13.1 Interpretation Right. The final right to interpret the terms of this Agreement shall be vested in Imou.
13.2 Severability. If any provision of this Agreement is invalid or unenforceable in whole or in part for any reason, such provision shall be eliminated or limited to the minimum extent such that the remaining provisions shall remain valid and enforceable.
13.3 Assignment. Imou may assign this Agreement (or any rights or duties under it) at any time by providing you a relevant notice. You may not assign this Agreement or any rights or duties under it without the express written consent of Imou.
13.4 Survival. If any provision of this Agreement shall survive the termination of its term by its nature or otherwise, such provision shall be deemed to survive the termination of this Agreement, including but not limited to warranties, confidentiality clauses, intellectual property clauses, and governing law and dispute resolution clauses.
13.5 Third-parties content. Certain content, components or features of the Service may include materials from third parties and/or hyperlinks to other web sites, resources or content. Because Imou may have no control over such third party sites and/or materials, you acknowledge and agree that Dahua is not responsible for the availability of such sites or resources, and does not endorse or warrant the accuracy of any such sites or resources, and shall in no way be liable or responsible for any content, advertising, products or materials on or available from such sites or resources. You further acknowledge and agree that Dahua shall not be responsible or liable in any way for any damages you incur or allege to have incurred, either directly or indirectly, as a result of your use and/or reliance upon any such Content, advertising, products or materials on or available from such sites or resources.
13.6 No agency relationship. No joint venture, partnership, employment, or agency relationship exists between Developer and Imou as a result of this Agreement or from Developer’s use of any of the Services.
13.7 Electronic Communications.
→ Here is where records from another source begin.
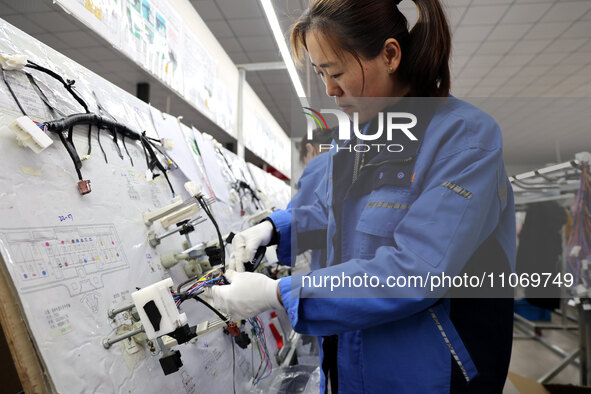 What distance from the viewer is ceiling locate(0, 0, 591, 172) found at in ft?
11.0

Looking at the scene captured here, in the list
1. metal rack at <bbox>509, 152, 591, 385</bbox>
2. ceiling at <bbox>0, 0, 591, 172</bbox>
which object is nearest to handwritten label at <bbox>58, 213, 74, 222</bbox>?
ceiling at <bbox>0, 0, 591, 172</bbox>

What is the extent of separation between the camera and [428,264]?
572 millimetres

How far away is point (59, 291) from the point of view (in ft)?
2.03

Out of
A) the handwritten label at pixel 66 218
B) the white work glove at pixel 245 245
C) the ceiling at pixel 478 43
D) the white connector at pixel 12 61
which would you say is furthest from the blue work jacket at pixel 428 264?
the ceiling at pixel 478 43

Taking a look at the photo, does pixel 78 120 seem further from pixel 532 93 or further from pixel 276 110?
pixel 532 93

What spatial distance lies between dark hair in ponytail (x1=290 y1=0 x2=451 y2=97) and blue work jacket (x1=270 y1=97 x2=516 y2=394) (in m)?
0.08

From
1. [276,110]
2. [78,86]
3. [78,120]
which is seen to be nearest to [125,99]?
[78,86]

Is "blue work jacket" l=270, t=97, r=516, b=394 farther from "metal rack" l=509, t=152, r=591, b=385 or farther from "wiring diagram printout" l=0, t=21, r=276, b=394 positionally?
"metal rack" l=509, t=152, r=591, b=385

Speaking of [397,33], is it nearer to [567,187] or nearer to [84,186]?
[84,186]

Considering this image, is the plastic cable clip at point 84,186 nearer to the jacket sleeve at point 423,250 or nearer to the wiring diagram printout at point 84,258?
the wiring diagram printout at point 84,258

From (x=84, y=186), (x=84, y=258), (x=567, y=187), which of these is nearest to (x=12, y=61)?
(x=84, y=186)

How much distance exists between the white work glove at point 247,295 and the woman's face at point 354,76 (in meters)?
0.46

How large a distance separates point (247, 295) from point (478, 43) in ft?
15.0

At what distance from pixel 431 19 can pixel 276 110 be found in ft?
18.9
When you access or use the Services or send e-mails to us, you are communicating with us electronically. By doing so, you consent to receive communications from us electronically. We will communicate with you by e-mail or by posting notices on our Services or Imou website.
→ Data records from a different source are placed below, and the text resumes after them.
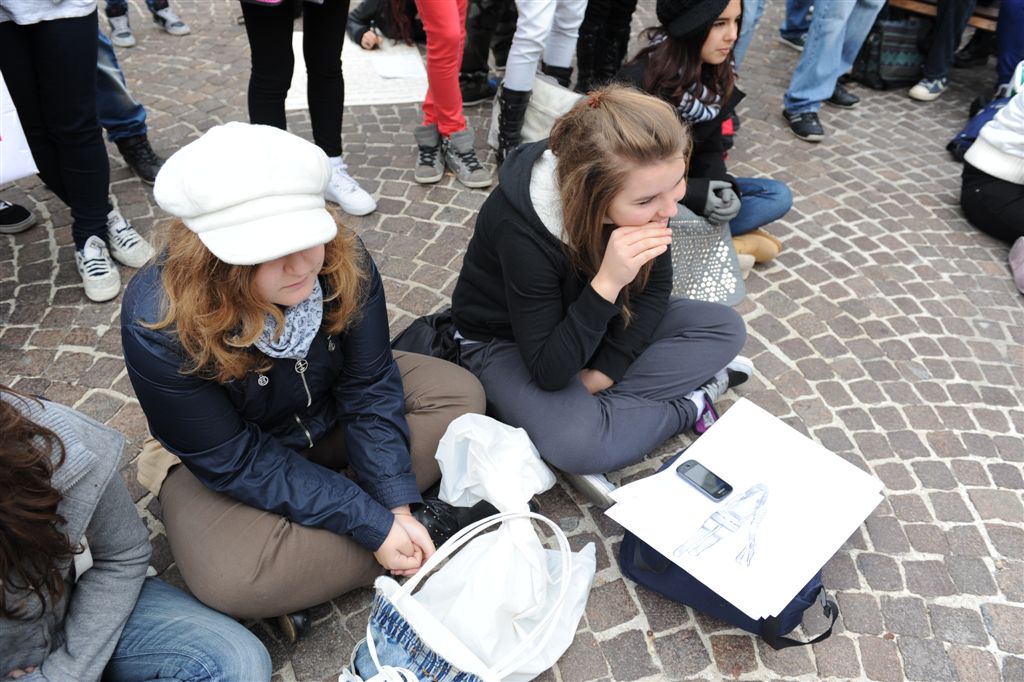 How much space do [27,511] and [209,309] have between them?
56cm

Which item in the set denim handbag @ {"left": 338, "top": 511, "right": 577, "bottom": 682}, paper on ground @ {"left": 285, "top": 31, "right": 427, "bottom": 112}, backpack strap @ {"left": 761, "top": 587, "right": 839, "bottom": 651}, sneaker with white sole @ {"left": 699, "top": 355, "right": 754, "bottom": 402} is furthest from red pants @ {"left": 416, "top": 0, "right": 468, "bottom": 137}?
backpack strap @ {"left": 761, "top": 587, "right": 839, "bottom": 651}

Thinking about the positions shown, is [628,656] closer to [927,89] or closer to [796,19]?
[927,89]

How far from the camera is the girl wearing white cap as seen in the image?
64.0 inches

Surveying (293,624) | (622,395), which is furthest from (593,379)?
(293,624)

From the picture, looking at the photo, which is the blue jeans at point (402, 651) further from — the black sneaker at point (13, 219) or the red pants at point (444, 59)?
the black sneaker at point (13, 219)

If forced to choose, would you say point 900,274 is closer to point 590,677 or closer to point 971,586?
point 971,586

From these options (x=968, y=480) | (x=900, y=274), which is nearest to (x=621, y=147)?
(x=968, y=480)

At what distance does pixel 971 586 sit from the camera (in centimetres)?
246

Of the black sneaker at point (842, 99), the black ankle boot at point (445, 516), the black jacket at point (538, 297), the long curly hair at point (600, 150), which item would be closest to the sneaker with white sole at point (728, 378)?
the black jacket at point (538, 297)

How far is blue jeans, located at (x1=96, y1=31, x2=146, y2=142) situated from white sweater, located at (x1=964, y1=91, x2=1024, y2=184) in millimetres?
4587

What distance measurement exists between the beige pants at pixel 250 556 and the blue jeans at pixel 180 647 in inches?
3.2

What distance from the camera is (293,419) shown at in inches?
88.7

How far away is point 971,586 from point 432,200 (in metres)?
3.01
13.8 Export Control. Use of our Services, including transferring, posting, or uploading data, software or other content via the Service, may be subject to the export and import laws of the United States and other countries. You agree to comply with all applicable export and import laws and regulations. In particular, but without limitation, our Services or part of them, may not be exported or re-exported (a) into any U.S. embargoed countries or (b) to anyone on the U.S. Treasury Department’s list of Specially Designated Nationals or the U.S. Department of Commerce Denied Person’s List or Entity List. By using our Services, you represent and warrant that you are not located in any such country or on any such list. You also agree that you will not use the Services for any purposes prohibited by any applicable law, including, without limitation, the development, design, manufacture or production of missiles, nuclear, chemical or biological weapons. You further agree not to upload to any data or software that is: (a) subject to International Traffic in Arms Regulations; or (b) that cannot be exported without prior written government authorization, including, but not limited to, certain types of encryption software and source code, without first obtaining that authorization. This assurance and commitment shall survive termination of this Agreement.